Parquet lists are 1-indexed. ndidx_to_duckdb_expr() and named_idx() automatically add 1 to user-supplied indices.

Construct SQL Queries

The true power of DuckDB is unlocked when SQL queries are iteratively constructed. This can be accomplished in one of two ways:

  • For simpler queries, you can wrap a complete DuckDB SQL expression in parentheses to use as the input table to another query. For example, to calculate the average cell and dry mass for over all time steps for all cells accessible to an analysis script:

    SELECT avg(*) FROM (
        SELECT listeners__mass__dry_mass, listeners__mass__cell_mass FROM (
            history_sql
        )
    )
    

    history_sql can be slotted in programmatically using an f-string.

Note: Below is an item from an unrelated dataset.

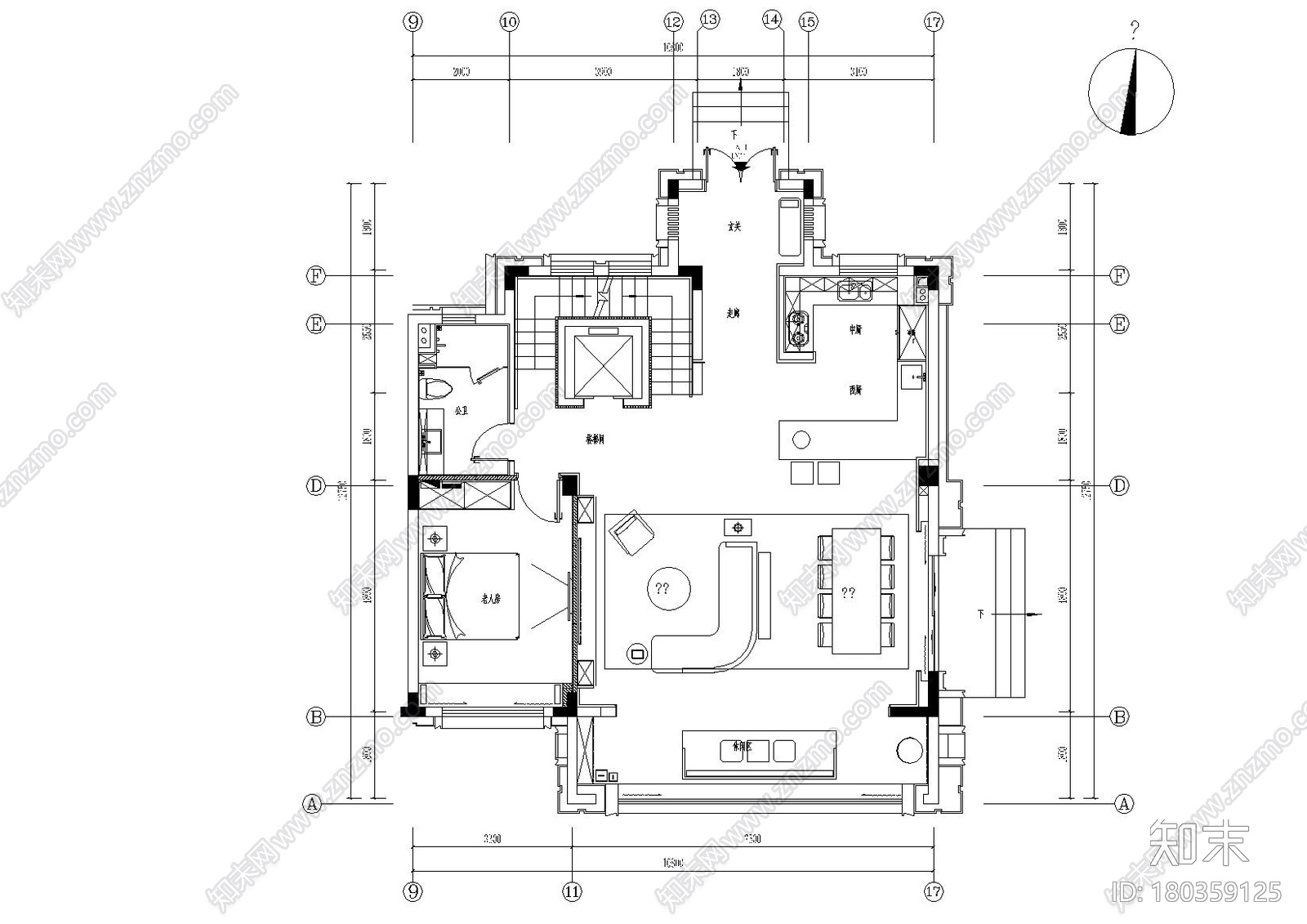 [江西]南昌500㎡三居室别墅施工图_附效果图施工图下载【ID:180359125】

  • For more advanced, multi-step queries, you can use common table expressions (CTEs). For example, to run the same query above but first averaging over all time steps for each cell before averaging the averages over all cells:

    WITH cell_avgs AS (
        SELECT avg(listeners__mass__dry_mass) AS avg_dry_mass,
            avg(listeners__mass__cell_mass) AS avg_cell_mass
        FROM (history_sql)
        GROUP BY experiment_id, variant, lineage_seed, generation, agent_id
    )
    SELECT avg(*) FROM cell_avgs
    

See new_gene_translation_efficiency_heatmaps for examples of complex queries, as well as helper functions to create SQL expressions for common query patterns. These include:

Other Workflow Output

We provide helper functions in ecoli.library.parquet_emitter to read other workflow output.

  • open_arbitrary_sim_data(): Intended for use in analysis scripts. Accepts the sim_data_paths dictionary given as input to analysis scripts by runscripts.analysis and picks a single arbitrary path in that dictionary to read and unpickle.

  • open_output_file(): When opening any workflow output file in a Python script, use this function instead of the built-in open (e.g. with open_output_file({path}, "r") as f:). This is mainly intended to future-proof analysis scripts for Google Cloud support.